DESCRIPTION OF THE TASK:
Reproduce the entries below exactly, but only from the line containing "La cheffe de" to the line containing "Landscaped backyard with", inclusive.

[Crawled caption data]

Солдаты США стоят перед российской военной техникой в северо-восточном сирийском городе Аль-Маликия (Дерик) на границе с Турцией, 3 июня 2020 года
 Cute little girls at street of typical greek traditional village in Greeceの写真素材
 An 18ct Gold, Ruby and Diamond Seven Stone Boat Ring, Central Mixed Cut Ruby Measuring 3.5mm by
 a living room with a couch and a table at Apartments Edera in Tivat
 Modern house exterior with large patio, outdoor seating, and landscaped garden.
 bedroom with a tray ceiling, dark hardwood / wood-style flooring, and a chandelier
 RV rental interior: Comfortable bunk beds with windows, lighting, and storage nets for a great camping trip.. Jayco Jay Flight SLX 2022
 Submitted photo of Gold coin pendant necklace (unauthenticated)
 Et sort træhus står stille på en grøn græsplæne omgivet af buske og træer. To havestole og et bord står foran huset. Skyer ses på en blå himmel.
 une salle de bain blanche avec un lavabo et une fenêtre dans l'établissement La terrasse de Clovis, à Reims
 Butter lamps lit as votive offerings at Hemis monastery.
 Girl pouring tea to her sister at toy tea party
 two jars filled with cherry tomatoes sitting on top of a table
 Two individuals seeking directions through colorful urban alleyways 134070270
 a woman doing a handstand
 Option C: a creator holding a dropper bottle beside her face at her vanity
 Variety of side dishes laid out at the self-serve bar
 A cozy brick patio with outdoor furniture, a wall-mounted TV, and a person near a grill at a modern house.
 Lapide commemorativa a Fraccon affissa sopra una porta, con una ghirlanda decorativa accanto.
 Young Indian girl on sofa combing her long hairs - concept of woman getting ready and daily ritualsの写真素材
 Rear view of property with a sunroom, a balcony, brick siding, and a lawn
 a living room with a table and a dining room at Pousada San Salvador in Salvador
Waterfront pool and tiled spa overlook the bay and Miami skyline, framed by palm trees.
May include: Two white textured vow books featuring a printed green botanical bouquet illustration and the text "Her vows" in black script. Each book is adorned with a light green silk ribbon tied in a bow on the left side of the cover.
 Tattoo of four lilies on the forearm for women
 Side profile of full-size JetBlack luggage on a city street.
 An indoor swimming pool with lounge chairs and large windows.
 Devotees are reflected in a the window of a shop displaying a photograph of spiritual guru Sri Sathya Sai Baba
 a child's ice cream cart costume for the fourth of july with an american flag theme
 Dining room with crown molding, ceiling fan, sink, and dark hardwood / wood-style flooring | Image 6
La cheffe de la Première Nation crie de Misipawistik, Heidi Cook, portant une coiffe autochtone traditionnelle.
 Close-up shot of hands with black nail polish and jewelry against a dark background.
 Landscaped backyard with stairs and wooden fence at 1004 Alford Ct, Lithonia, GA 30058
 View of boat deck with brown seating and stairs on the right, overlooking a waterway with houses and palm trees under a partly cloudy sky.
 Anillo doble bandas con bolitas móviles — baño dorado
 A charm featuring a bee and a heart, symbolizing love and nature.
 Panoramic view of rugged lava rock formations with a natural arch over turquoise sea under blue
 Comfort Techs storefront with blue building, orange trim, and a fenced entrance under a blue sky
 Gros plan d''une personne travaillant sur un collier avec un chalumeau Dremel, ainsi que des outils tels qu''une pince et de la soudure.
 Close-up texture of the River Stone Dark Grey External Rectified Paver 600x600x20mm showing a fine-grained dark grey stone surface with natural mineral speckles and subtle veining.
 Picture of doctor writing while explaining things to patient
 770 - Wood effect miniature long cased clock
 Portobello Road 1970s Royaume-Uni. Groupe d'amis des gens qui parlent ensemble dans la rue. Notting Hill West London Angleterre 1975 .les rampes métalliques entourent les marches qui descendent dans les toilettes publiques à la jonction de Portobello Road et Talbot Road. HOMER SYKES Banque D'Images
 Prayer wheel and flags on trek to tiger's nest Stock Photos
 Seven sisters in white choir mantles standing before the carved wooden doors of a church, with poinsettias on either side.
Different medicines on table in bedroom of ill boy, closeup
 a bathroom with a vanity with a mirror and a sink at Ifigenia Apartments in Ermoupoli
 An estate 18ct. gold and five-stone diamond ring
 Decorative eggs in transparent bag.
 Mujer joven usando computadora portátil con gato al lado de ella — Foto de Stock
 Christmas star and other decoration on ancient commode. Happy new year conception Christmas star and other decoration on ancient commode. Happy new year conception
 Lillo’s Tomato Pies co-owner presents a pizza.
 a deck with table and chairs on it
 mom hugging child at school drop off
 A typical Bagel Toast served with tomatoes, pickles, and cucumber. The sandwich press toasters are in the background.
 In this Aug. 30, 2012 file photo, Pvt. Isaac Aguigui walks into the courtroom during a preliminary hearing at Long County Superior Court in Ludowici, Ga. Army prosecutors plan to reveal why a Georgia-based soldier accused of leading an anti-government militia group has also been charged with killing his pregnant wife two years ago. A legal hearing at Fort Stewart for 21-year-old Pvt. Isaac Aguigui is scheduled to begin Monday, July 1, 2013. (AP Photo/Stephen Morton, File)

REPLY TO THE EXERCISE:
La cheffe de la Première Nation crie de Misipawistik, Heidi Cook, portant une coiffe autochtone traditionnelle.
 Close-up shot of hands with black nail polish and jewelry against a dark background.
 Landscaped backyard with stairs and wooden fence at 1004 Alford Ct, Lithonia, GA 30058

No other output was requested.